Si, dans ce passage, le personnage écrivain affirme sa volonté d’écrire à propos de l’existence normale des gens normaux, on se rend rapidement compte de la portée ironique de ces propos. Tout se passe comme si l’auteur voulait candidement satisfaire les attentes de ses critiques, mais le fait est qu’il s’agit au contraire, nous le verrons, de détourner ces attentes afin d’explorer d’autres avenues. Il est vrai que l’on constate dans les Explorateurs de l’abîme un certain décalage par rapport aux oeuvres antérieures de l’auteur, dans la mesure où s’y trouvent des nouvelles qui débordent du cadre strictement littéraire auquel Vila-Matas nous a habitués. Cependant, c’est également dans ces nouvelles qu’on peut remarquer, non sans plaisir, l’ampleur de l’obsession littéraire qui structure son écriture. C’est-à-dire que cette volonté de raconter des histoires dont nous parle le narrateur n’échappe pas à son obsession littéraire qui, comme un aimant, ramène les intrigues vers elle. La tentation d’une écriture réaliste du quotidien est étouffée par les obsessions littéraires.  La nouvelle «Nino», qui met en scène un père cruel souhaitant la mort de son fils, est en ce sens exemplaire. On apprend d’abord que Nino est un fils insupportable, notamment parce qu’il a rejeté du revers de la main le souhait de son père qui voulait le faire architecte. En fait, Nino est un explorateur de l’abîme, un mystique qui recherche de par le monde ce qu’il nomme la vérité.
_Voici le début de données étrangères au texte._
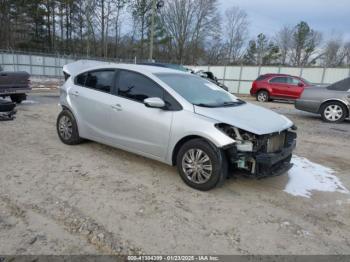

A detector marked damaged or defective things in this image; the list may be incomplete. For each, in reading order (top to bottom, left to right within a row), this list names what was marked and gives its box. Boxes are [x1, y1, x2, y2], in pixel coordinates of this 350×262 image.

damaged silver hatchback [58, 61, 298, 190]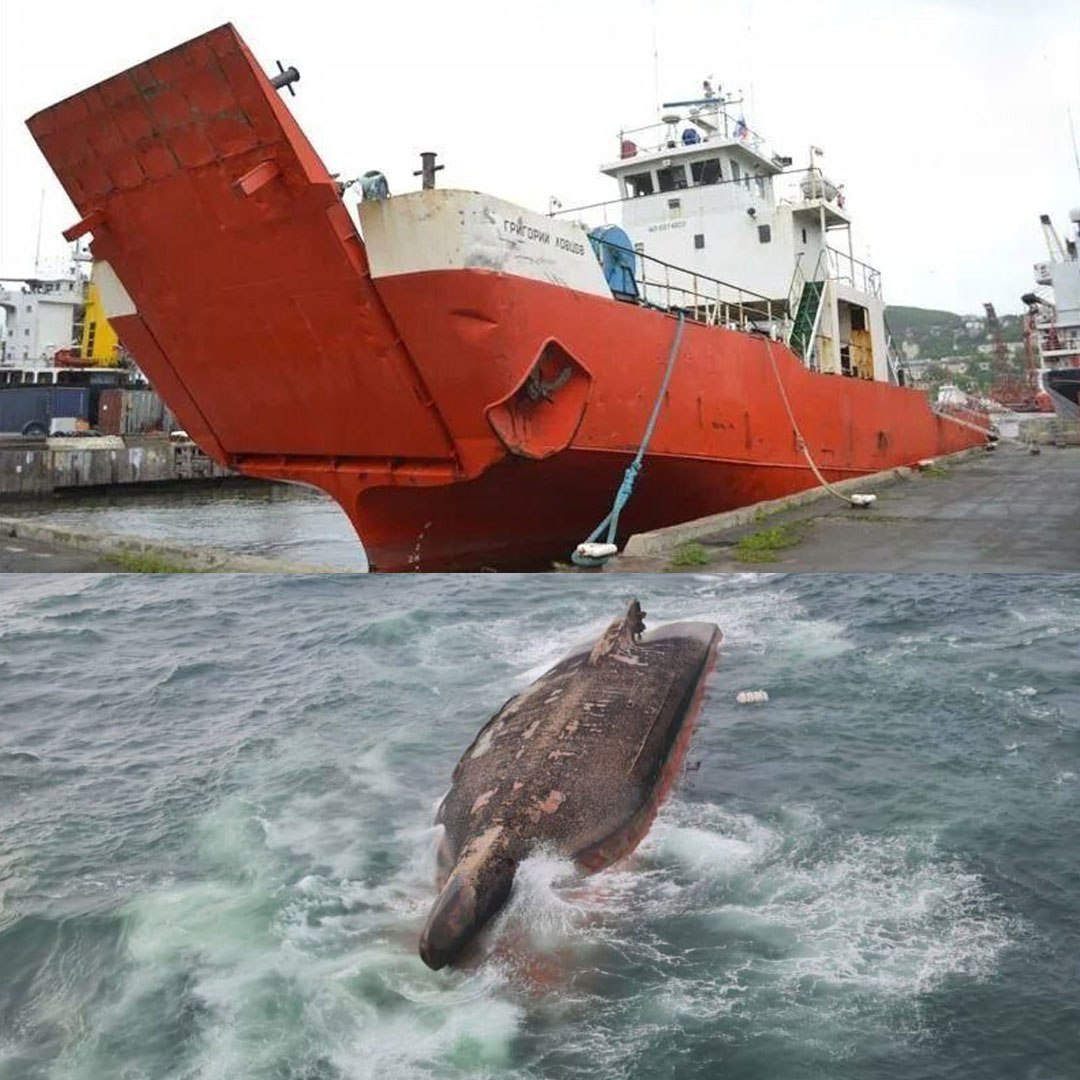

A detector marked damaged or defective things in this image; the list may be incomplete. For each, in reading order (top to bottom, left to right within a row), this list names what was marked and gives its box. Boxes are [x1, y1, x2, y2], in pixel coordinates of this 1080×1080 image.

rusted metal hull [27, 21, 988, 568]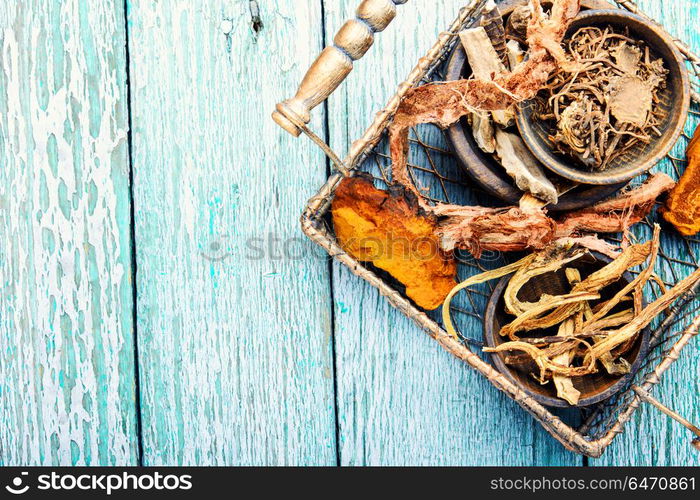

Il réussit à convaincre son père de gravir le volcan de Licancabur, situé à la frontière entre le Chili et la Bolivie, parce qu’il croit que c’est dans le lac qui se trouve à son sommet qu’il trouvera la vérité. «Nous découvrirons la vérité de l’au-delà, me disait-il.» (EA, p. 48) Un peu plus tard, et c’est ce qui m’intéresse ici, cette quête de vérité d’abord déçue le mènera à s’engager dans une aventure toute littéraire, celle d’explorer la forêt amazonienne afin de suivre les traces de William S. Burroughs qui y a consommé le Yagé afin de communiquer avec le Grand Être :

[…] j’ai entièrement financé son voyage dans la forêt amazonienne de Colombie et du Pérou sur les traces de William S. Burroughs du temps où celui-ci cherchait à faire des expériences avec le Yagé ou l’ayahuasca, une plante aux propriétés hallucinogènes et télépathiques mythiques permettant “de se connecter aux rayons de présences spectrales de nos morts et de commencer à voir ou à sentir ce qui, nous semble-t-il, pourrait être le Grand Être, quelque chose qui s’approche de nous comme un grand vagin mouillé ou un grand trou noir divin à travers lequel nous nous penchons de façon très réelle sur un mystère arrivant jusqu’à nous enveloppé dans des serpents de couleurs. (EA, p. 55)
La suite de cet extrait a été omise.